#### [Requirement]
Write out the data word for word and drop any picture you find.

#### [Exercise data]
-*-
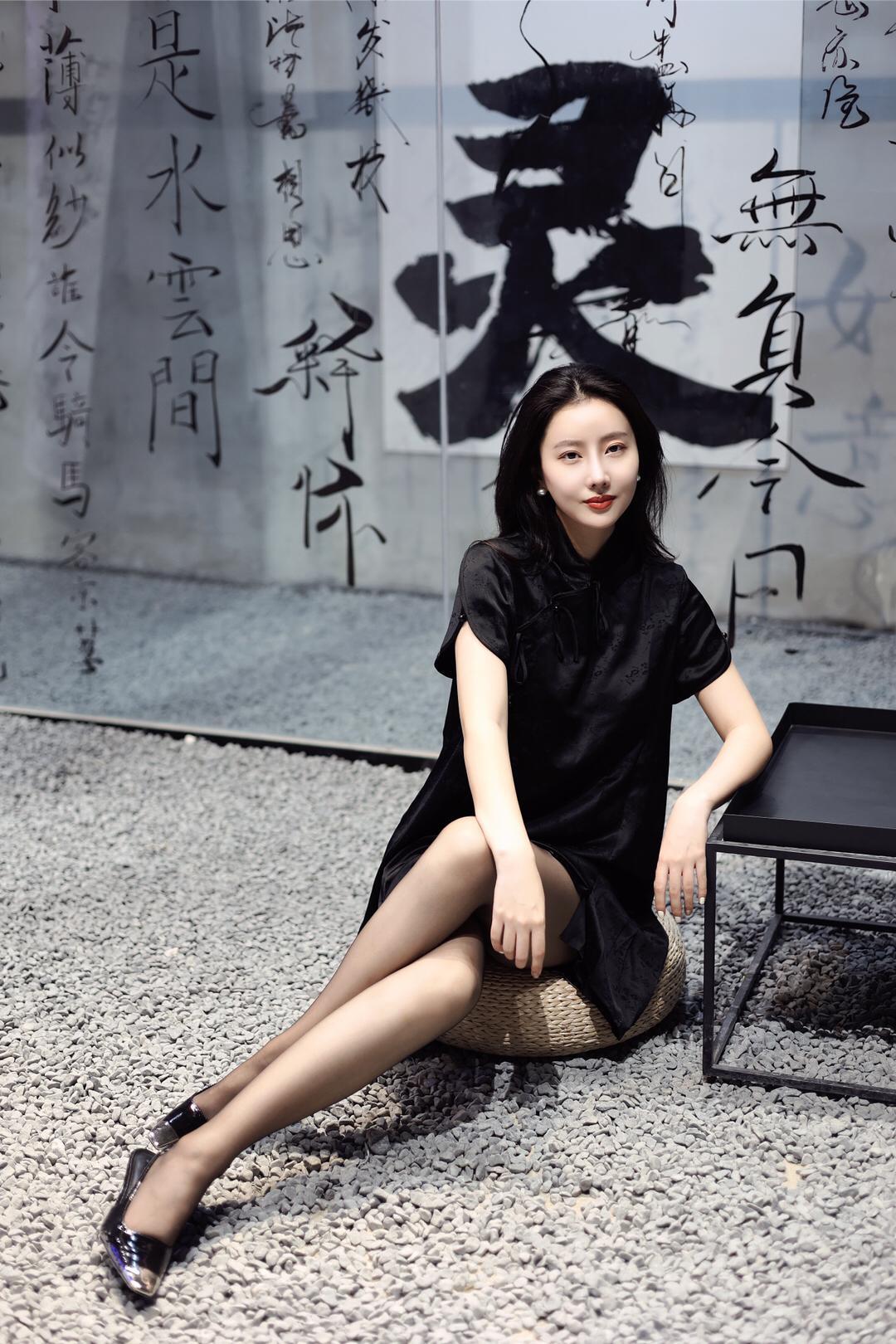 东方素女人妻的字画背景墙照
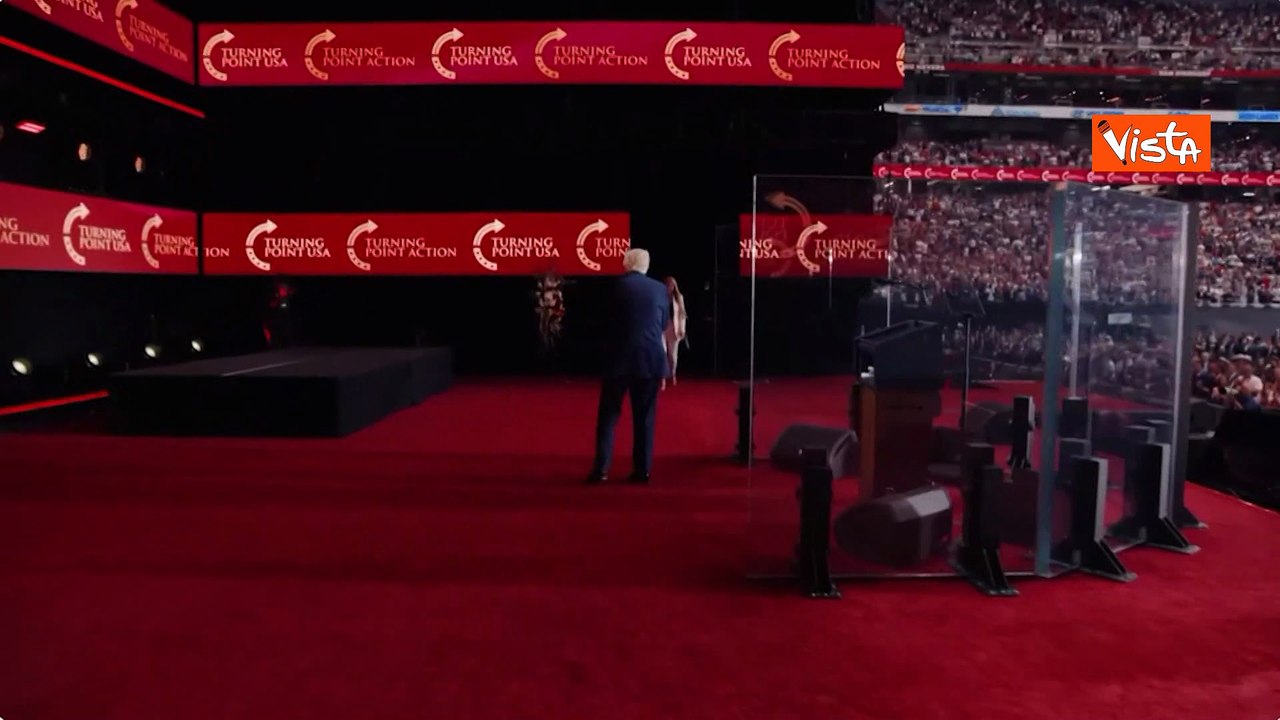 L'abbraccio tra Trump e la vedova Kirk ai Funerali per Charlie Kirk in Arizona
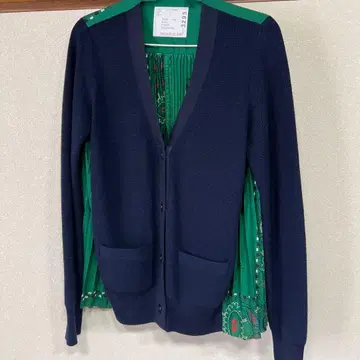 sacai 네이비 컬러 가디건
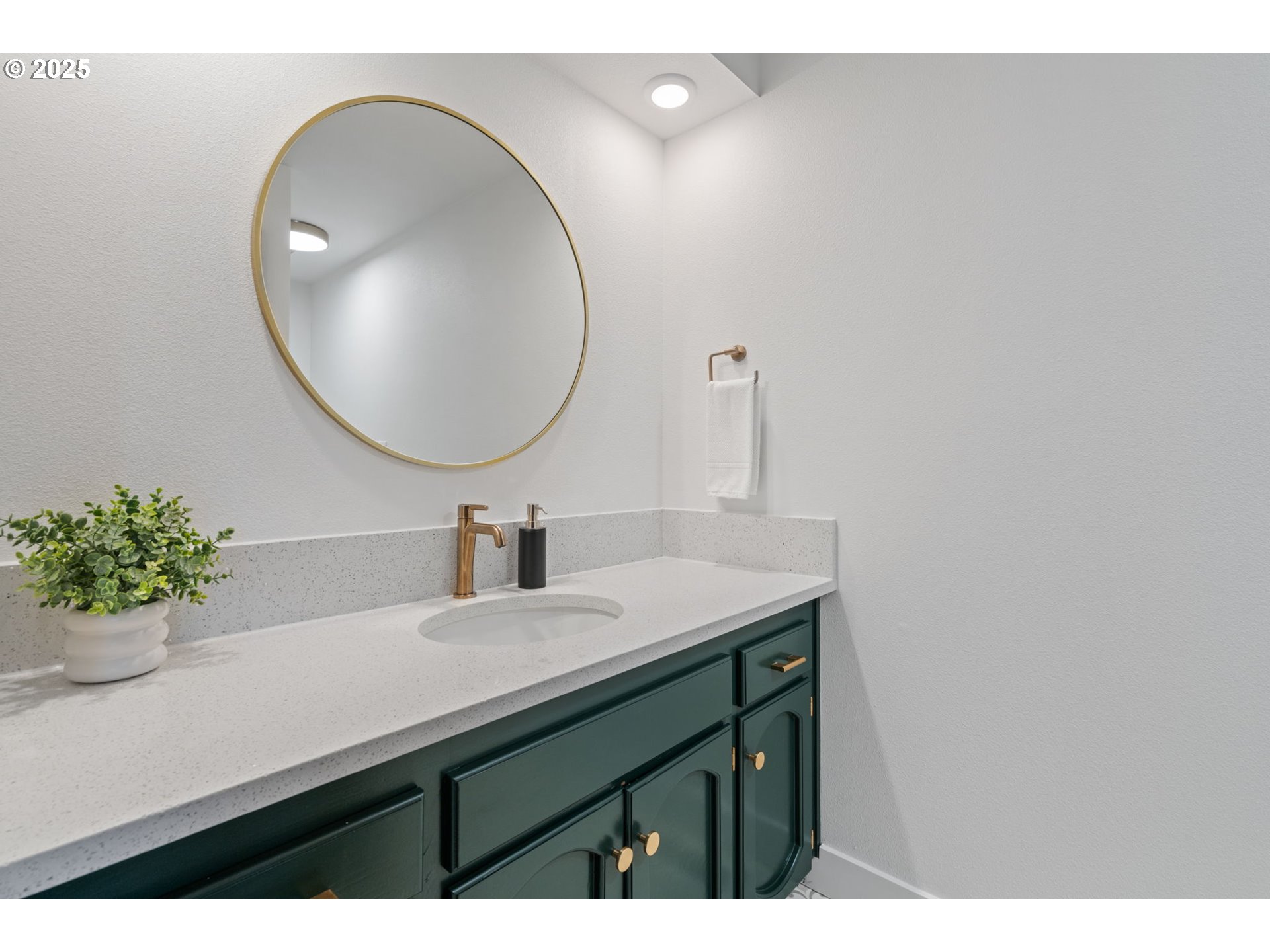 2845 Southwest Raleighview Drive Portland, OR 97225 - Photo 35 of 48 Gallery Image 35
-*-
#### [Task answer]
 东方素女人妻的字画背景墙照
 L'abbraccio tra Trump e la vedova Kirk ai Funerali per Charlie Kirk in Arizona
 sacai 네이비 컬러 가디건
 2845 Southwest Raleighview Drive Portland, OR 97225 - Photo 35 of 48 Gallery Image 35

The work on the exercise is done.